If your child is learning to read, then you know that sight words are high-frequency words common in most text, words like the, and, they, or she. Knowing these words at a glance makes reading easier. Here you’ll find sight word games, apps, multi-sensory activities, and reading ideas. I recommend trying multiple approaches to engage your child’s different modalities of learning these words.
Games bring an element of fun and playfulness to learning. Since many of these games ask for sight word playing cards, make your own using index cards or download free printable cards here for the Dolch list and here for the Fry list.
Make your own card deck with two of each sight word. Shuffle.
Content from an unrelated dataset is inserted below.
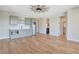 Bonus room with wet bar including undermount microwave, stainless fridge, and granite countertops at 1130 Lupo Loop, Chattahoochee Hills, GA 30268
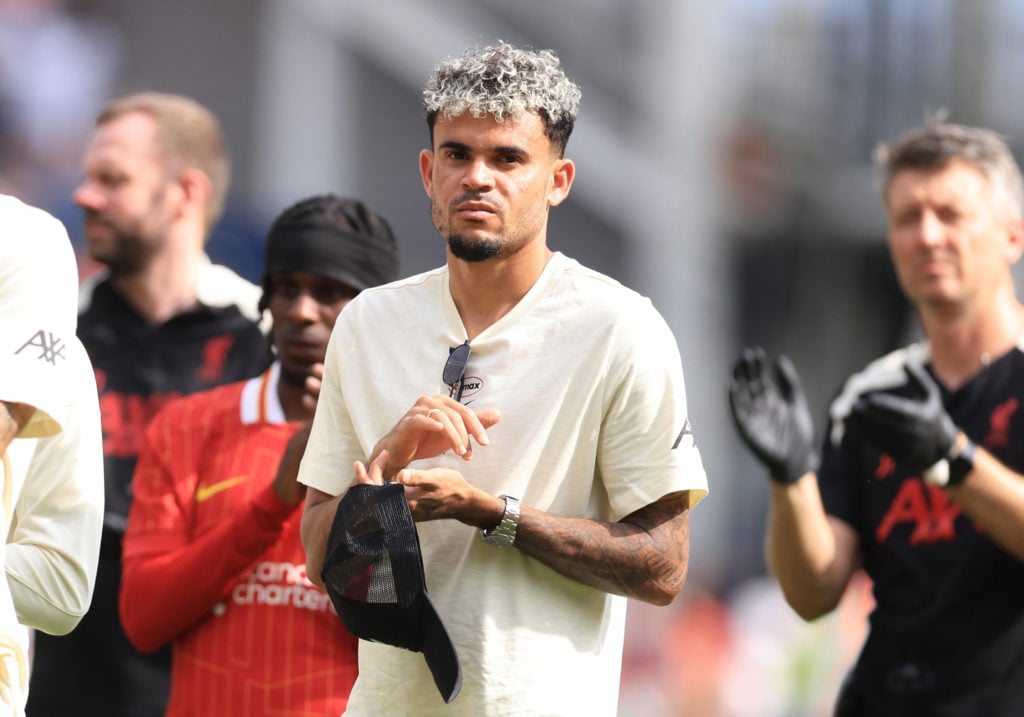 Luis Diaz of Liverpool applauds the fans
Place the cards face down in rows. When it’s your turn, turn over two cards and try to get a matching pair. If you don’t have a match, turn the cards back over. The winner is the player with the most pairs. (See example on Frogs, Snails and Puppy Dog Tails.)
Make a list of sight words and a corresponding sticky note for each word on the list. Have your child find the sticky note somewhere in your house and match the word with the corresponding word on the master list.
We played this game a lot when my youngest learned her words. Make a set of sight word pairs (or make four like the original game) for each word. You’ll probably want at least 30 cards. Deal out five cards to each player. Play using the Go Fish rules — either looking for two or four cards to make a set.
We love this store-bought treasure hunt because it helps kids practice reading sight words. The game clues come in three levels, each has clues written primarily with sight words. We made it inexpensive by finding the silliest “treasures” we could find such as a gum wrapper or paper clip.
Kids won’t even care they’re practicing sight words because this Bingo game makes practice such a blast.
Technology often motivates kids to learn, which is why sight word apps can be a helpful tool. Try these learning apps and see which one your child enjoys most.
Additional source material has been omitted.